Depending on the preceding choices, you can consult the corresponding statistics for:

  • Global usage per user, in the section “Aggregate Usage Statistics of User…”,

  • Global usage for the project, in the section “Aggregate Usage Statistics of Project…”,

  • The distribution of energy usage and emissions within the project, in the section “Breakdown of Energy and Emissions Usage …”,

  • Your job metrics, in the section (“Job Metrics …”),

Each section contains a “README” which provides an introduction to the concerned section as well as a definition of the aggregated metrics presented.

Details per job

In the section “Job Metrics…”, only your jobs having a duration superior to 5 minutes on the selected partition are displayed. They appear several minutes after the start of the jobs (30 minutes at most). The information is then updated in real time (according to the refresh time frequency chosen).

By clicking on a job in the “Job Metrics” list, you will access the “Single Job Metrics” dashboard. In this dashboard, you will have the detailed statistics per node for this job (via the “Compute Node” drop-down menu) and perhaps per GPU (via the “GPU” drop-down menu), depending on the type of job (CPU or GPU).

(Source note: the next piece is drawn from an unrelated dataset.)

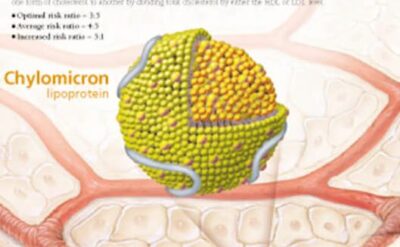 Cholesterol 1651 3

The “Single Job Metrics” dashboard contains several sections such as CPU Stats, GPU Stats and GPU Profiling Stats. Definitions of the metrics presented in these sections are available in the Readme of this page. This page also supplies profiling data and I/O statistics. Note that to activate some of these functionalities, you must configure the corresponding environment variables, as indicated in the README.